TASK DESCRIPTION: From the line containing "شرط مي مالته ثلج خلال عشر دقايق" through the last line of the records below, each line is to be repeated exactly; pictures are to be omitted.

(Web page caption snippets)
==========

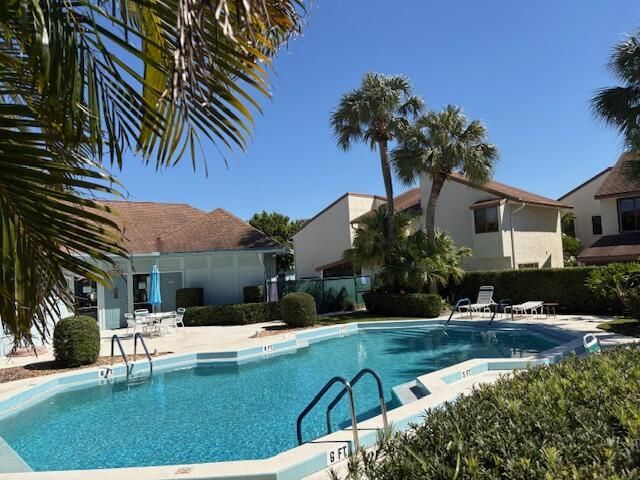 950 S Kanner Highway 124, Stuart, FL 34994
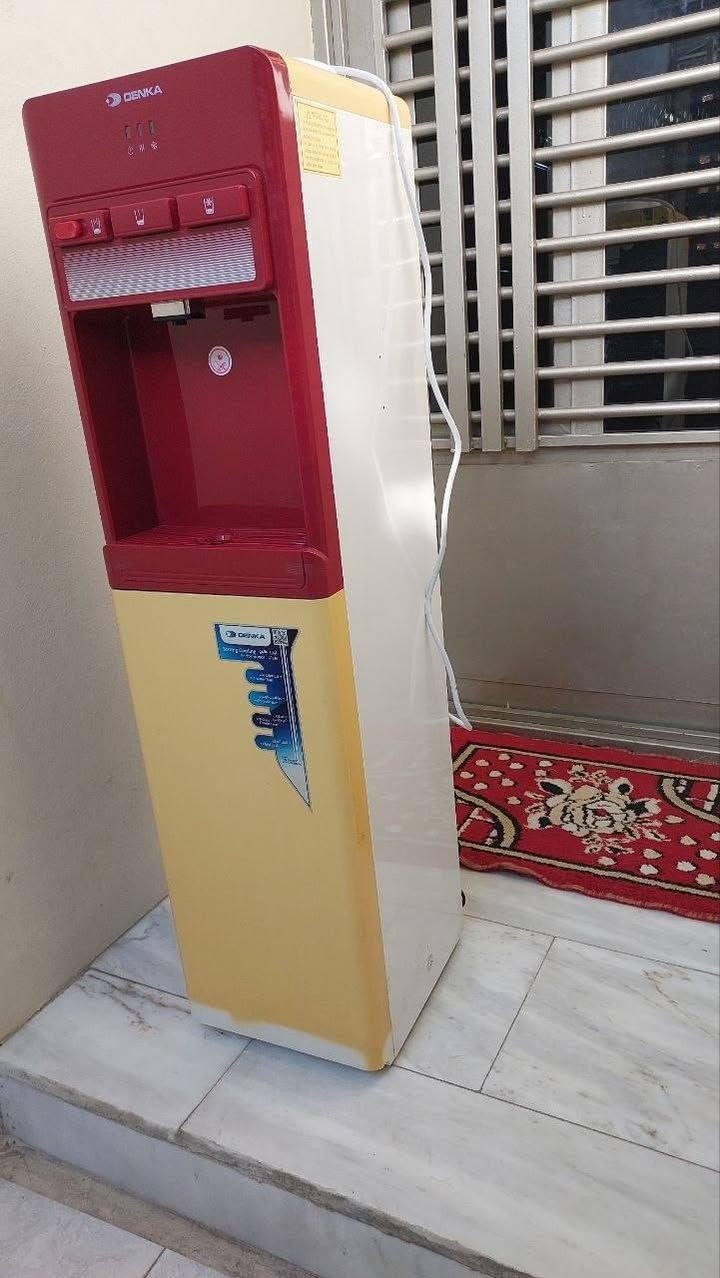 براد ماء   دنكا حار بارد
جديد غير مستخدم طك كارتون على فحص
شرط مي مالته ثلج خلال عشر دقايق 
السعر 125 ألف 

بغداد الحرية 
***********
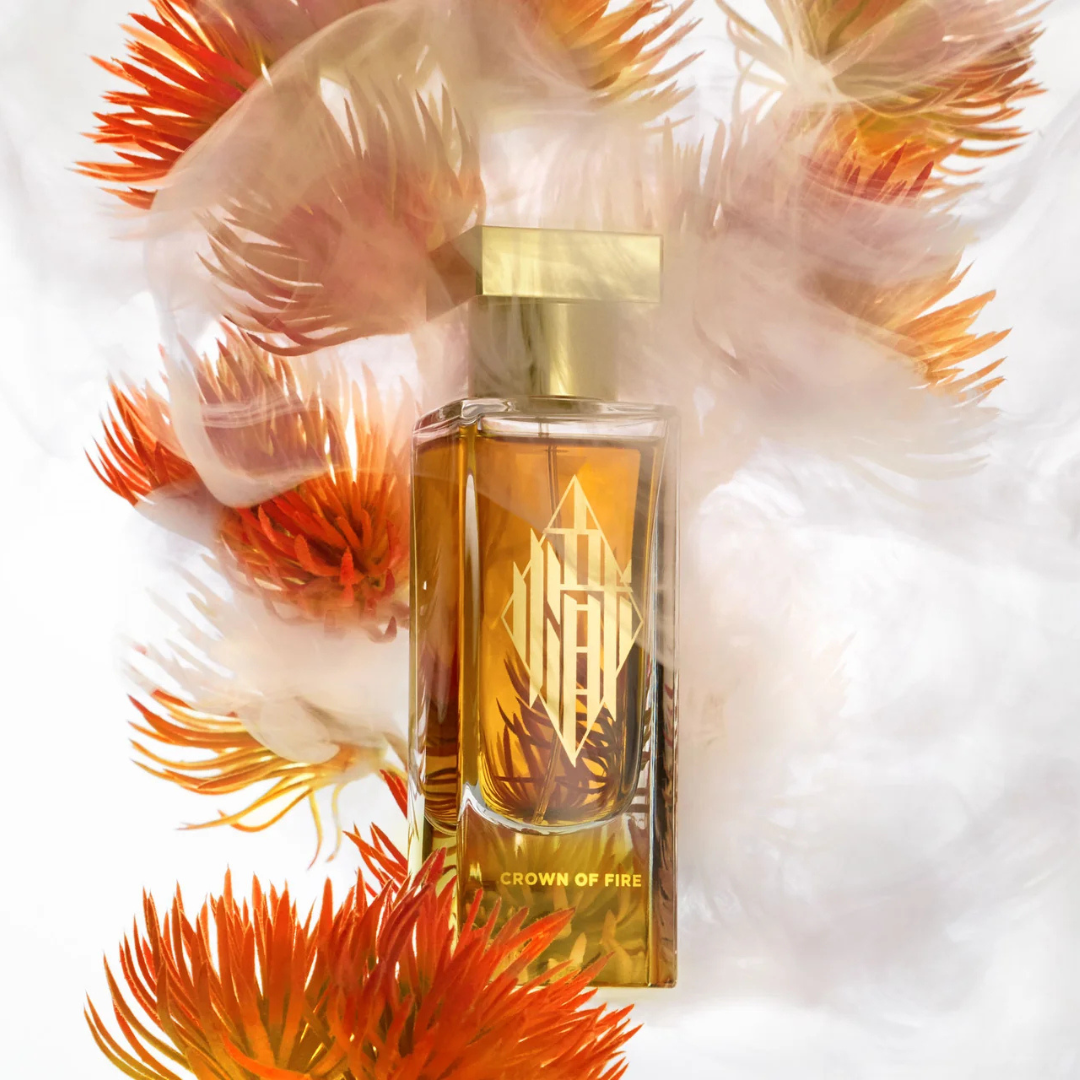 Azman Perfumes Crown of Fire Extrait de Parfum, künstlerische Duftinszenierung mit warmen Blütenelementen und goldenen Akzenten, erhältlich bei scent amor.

==========

ANSWER TO THIS EXERCISE:
شرط مي مالته ثلج خلال عشر دقايق 
السعر 125 ألف 

بغداد الحرية 
***********
 Azman Perfumes Crown of Fire Extrait de Parfum, künstlerische Duftinszenierung mit warmen Blütenelementen und goldenen Akzenten, erhältlich bei scent amor.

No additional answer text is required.